> Description of the task
Please copy the data below exactly, from its first line through the line holding "ANDY STAR Brushed", and skip the pictures.

> Data extracts
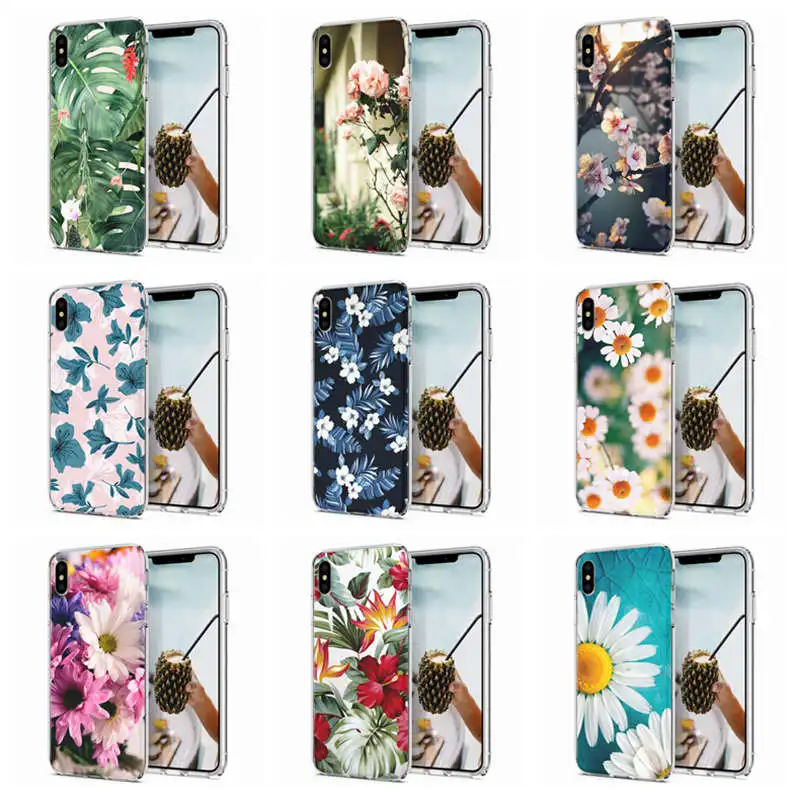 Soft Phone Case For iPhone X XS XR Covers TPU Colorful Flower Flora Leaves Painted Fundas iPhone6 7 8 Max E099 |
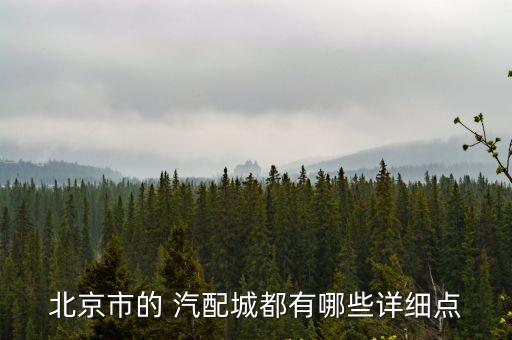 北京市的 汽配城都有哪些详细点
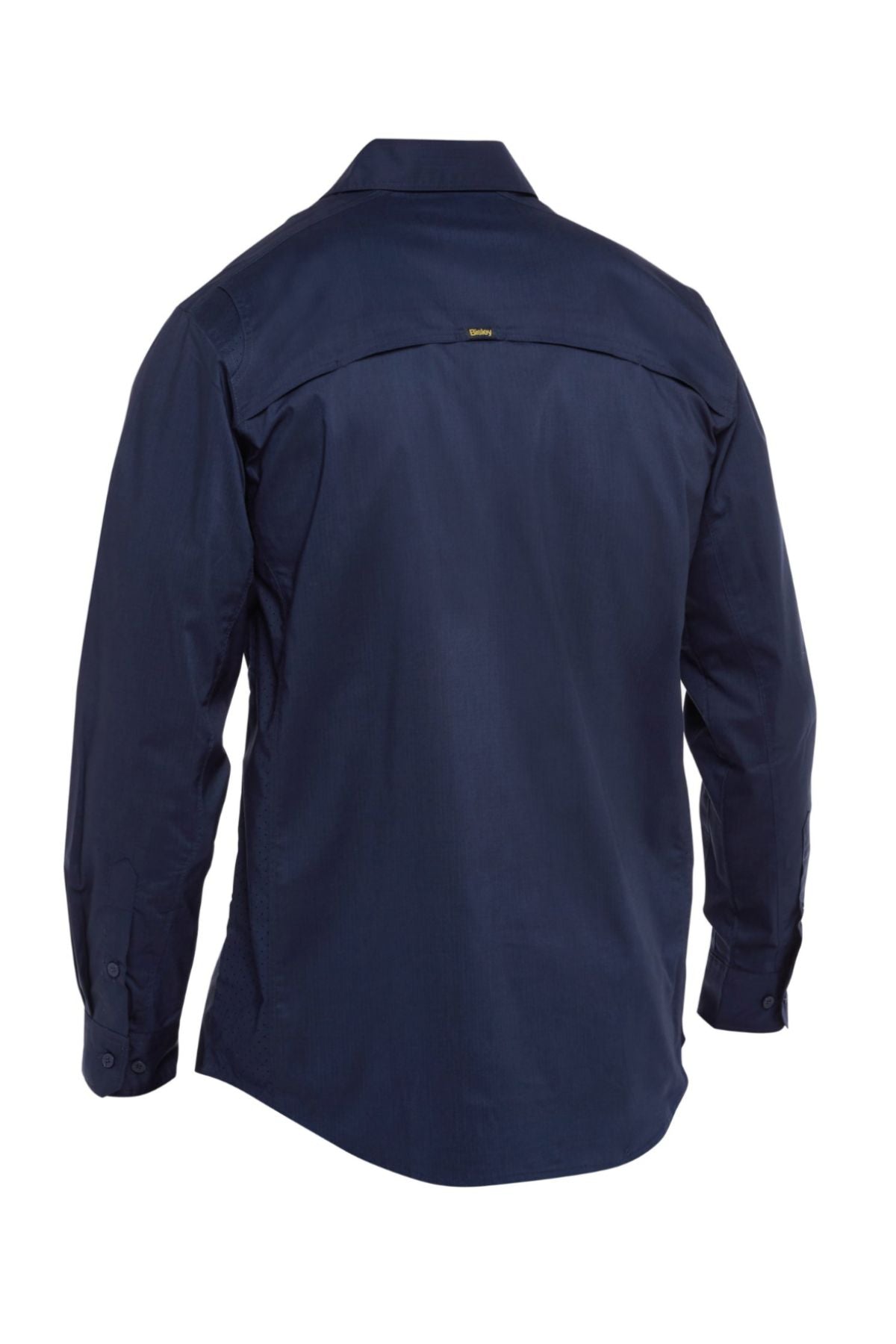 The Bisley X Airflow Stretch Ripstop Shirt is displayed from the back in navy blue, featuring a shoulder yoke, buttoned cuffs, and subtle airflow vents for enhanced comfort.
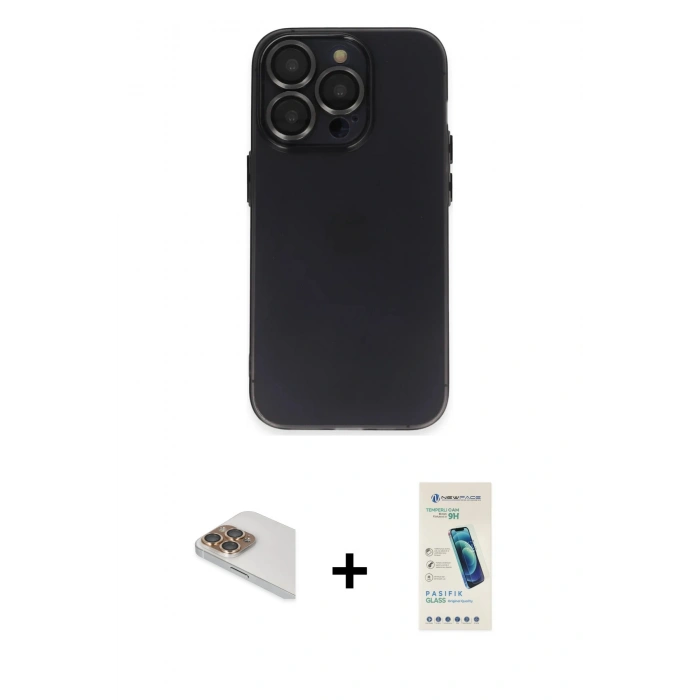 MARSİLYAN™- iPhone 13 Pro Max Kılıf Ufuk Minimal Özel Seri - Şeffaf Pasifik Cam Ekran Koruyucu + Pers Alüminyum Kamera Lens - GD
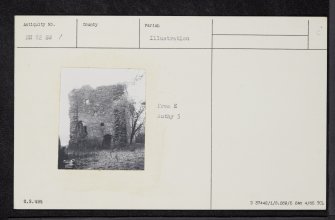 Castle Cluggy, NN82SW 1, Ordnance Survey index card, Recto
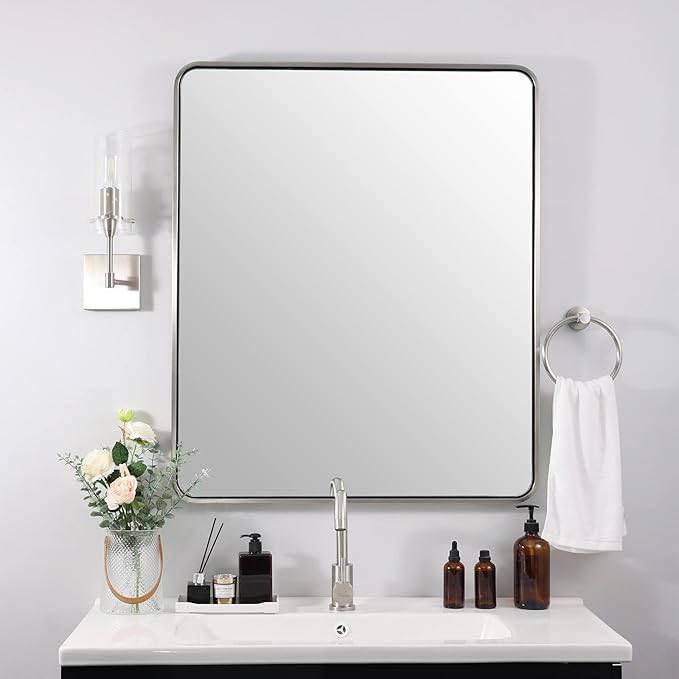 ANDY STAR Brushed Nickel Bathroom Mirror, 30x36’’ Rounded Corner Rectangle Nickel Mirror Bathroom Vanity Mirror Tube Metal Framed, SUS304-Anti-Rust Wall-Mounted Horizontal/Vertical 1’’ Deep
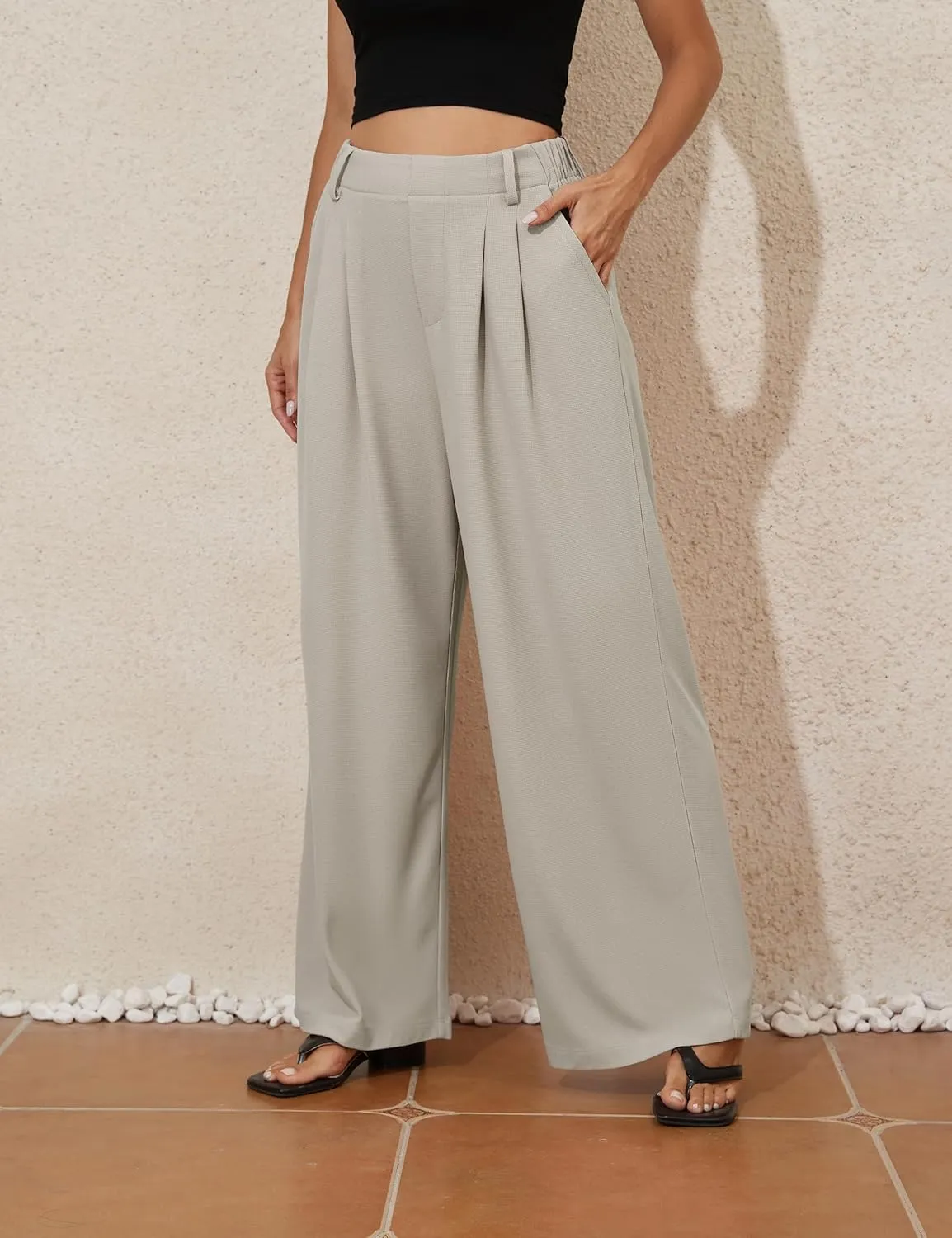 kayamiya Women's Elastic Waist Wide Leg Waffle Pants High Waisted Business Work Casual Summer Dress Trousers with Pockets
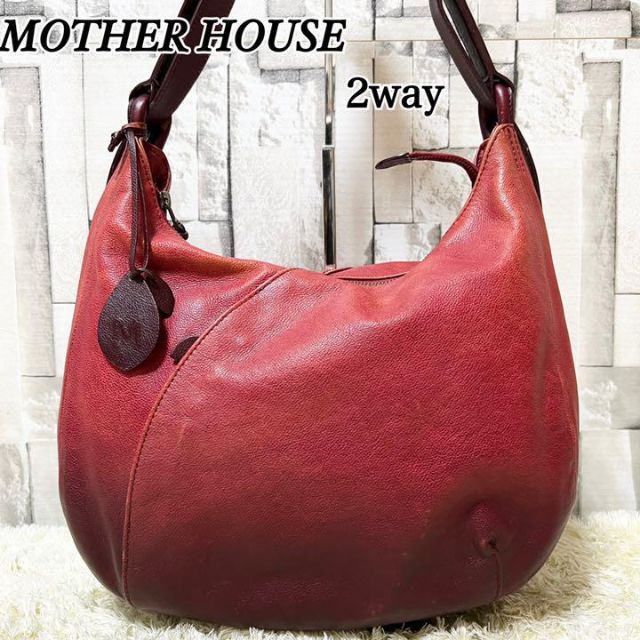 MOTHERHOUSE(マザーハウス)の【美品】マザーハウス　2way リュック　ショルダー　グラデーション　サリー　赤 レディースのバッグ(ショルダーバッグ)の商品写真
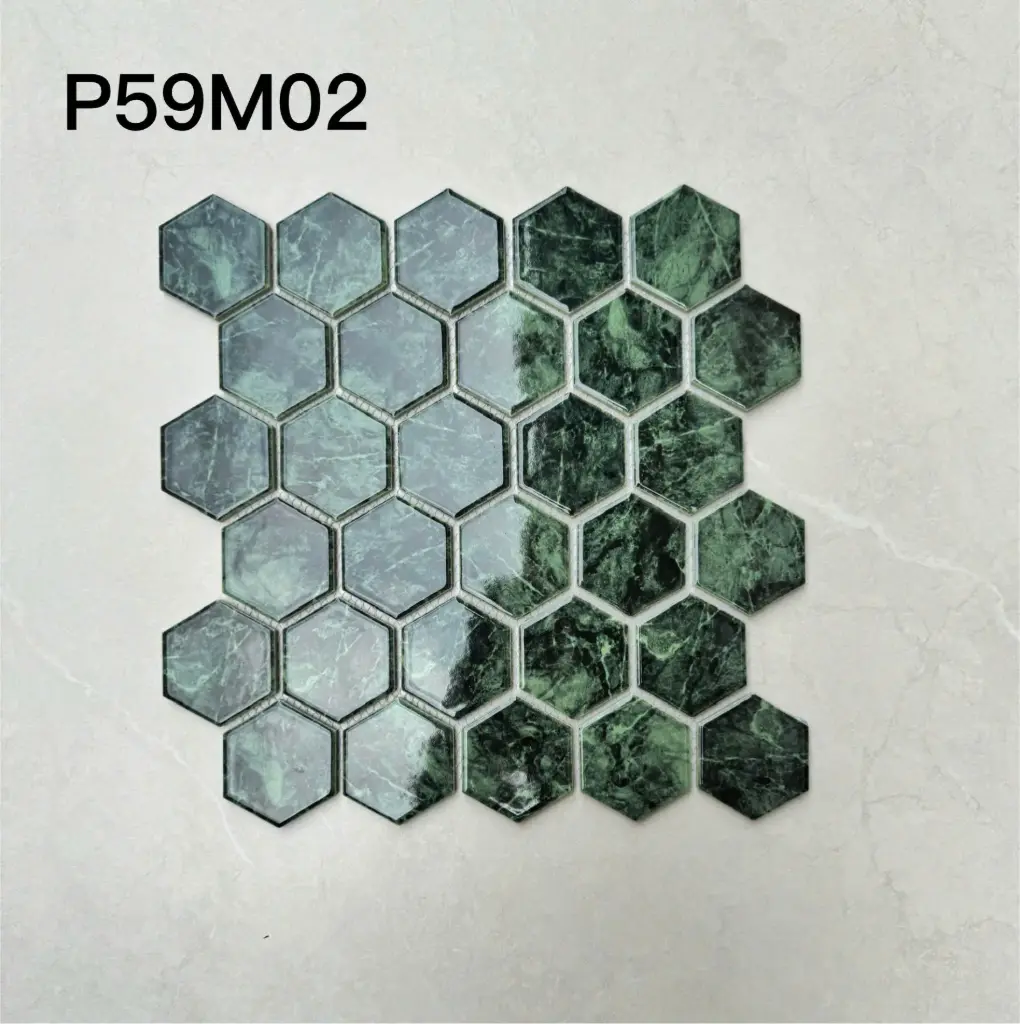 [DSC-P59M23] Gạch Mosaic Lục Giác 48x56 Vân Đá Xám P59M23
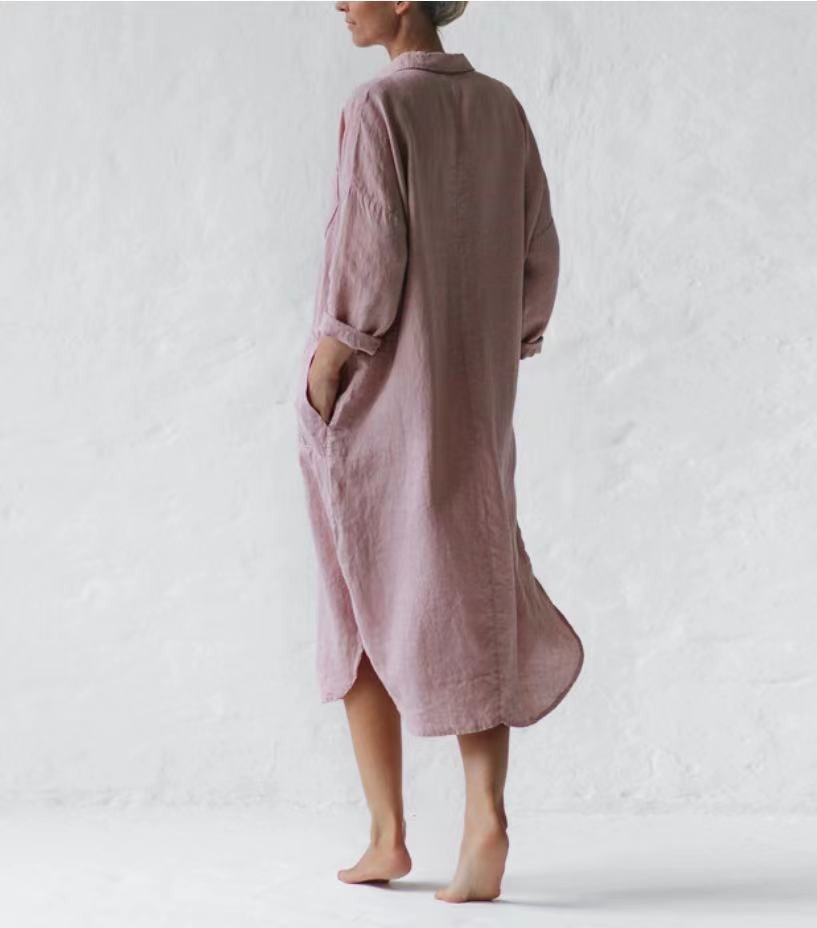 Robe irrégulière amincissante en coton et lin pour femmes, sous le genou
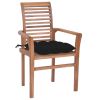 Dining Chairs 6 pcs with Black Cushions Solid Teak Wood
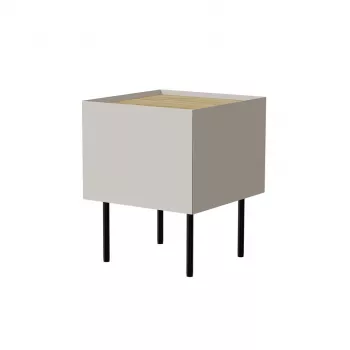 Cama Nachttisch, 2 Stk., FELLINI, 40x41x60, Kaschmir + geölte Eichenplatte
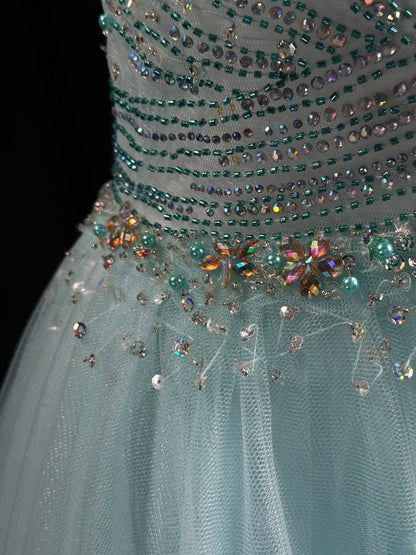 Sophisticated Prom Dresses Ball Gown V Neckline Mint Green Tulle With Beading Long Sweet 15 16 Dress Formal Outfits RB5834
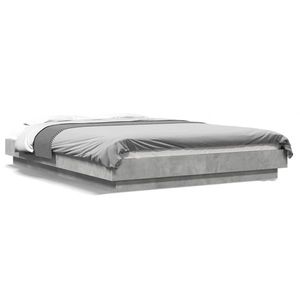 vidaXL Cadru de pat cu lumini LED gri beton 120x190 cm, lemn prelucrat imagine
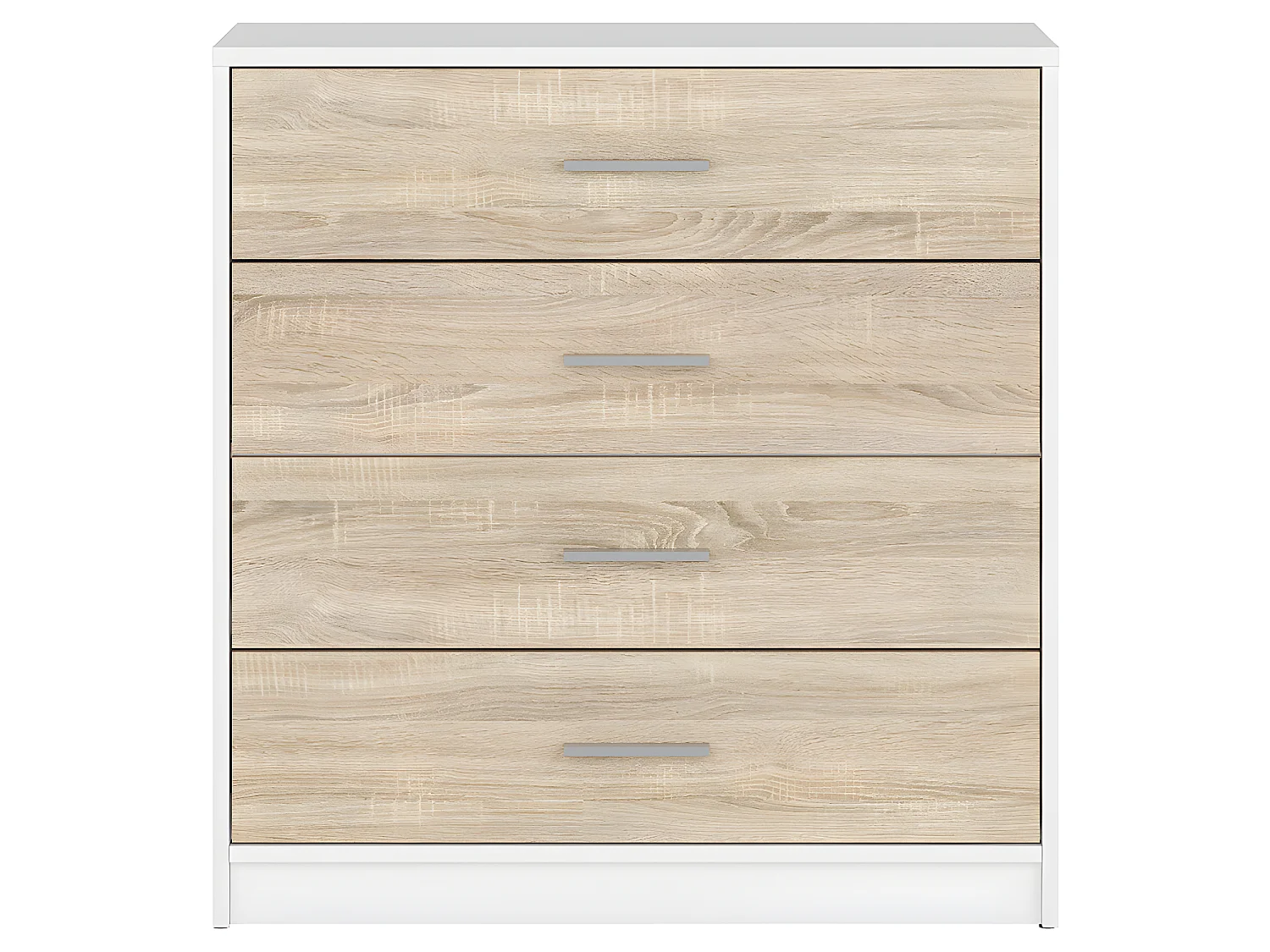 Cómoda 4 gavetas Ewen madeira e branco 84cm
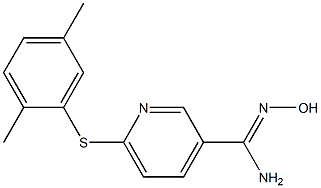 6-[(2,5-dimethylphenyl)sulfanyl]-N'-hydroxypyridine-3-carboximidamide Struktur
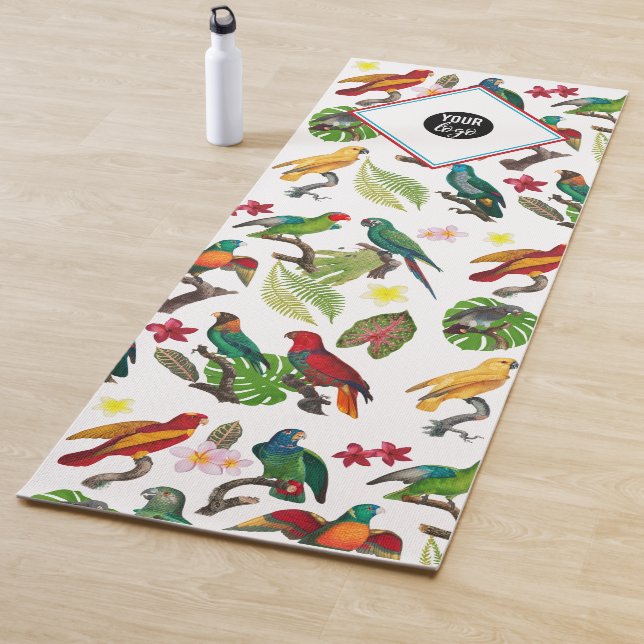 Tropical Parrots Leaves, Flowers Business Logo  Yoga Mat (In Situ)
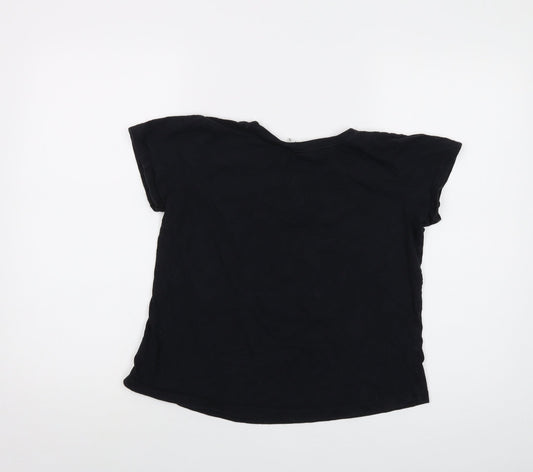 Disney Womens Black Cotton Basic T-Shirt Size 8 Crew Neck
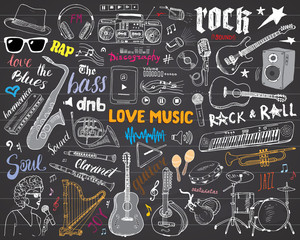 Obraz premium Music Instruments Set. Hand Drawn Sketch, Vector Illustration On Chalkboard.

> Solution for this exercise
 Soft Phone Case For iPhone X XS XR Covers TPU Colorful Flower Flora Leaves Painted Fundas iPhone6 7 8 Max E099 |
 北京市的 汽配城都有哪些详细点
 The Bisley X Airflow Stretch Ripstop Shirt is displayed from the back in navy blue, featuring a shoulder yoke, buttoned cuffs, and subtle airflow vents for enhanced comfort.
 MARSİLYAN™- iPhone 13 Pro Max Kılıf Ufuk Minimal Özel Seri - Şeffaf Pasifik Cam Ekran Koruyucu + Pers Alüminyum Kamera Lens - GD
 Castle Cluggy, NN82SW 1, Ordnance Survey index card, Recto
 ANDY STAR Brushed Nickel Bathroom Mirror, 30x36’’ Rounded Corner Rectangle Nickel Mirror Bathroom Vanity Mirror Tube Metal Framed, SUS304-Anti-Rust Wall-Mounted Horizontal/Vertical 1’’ Deep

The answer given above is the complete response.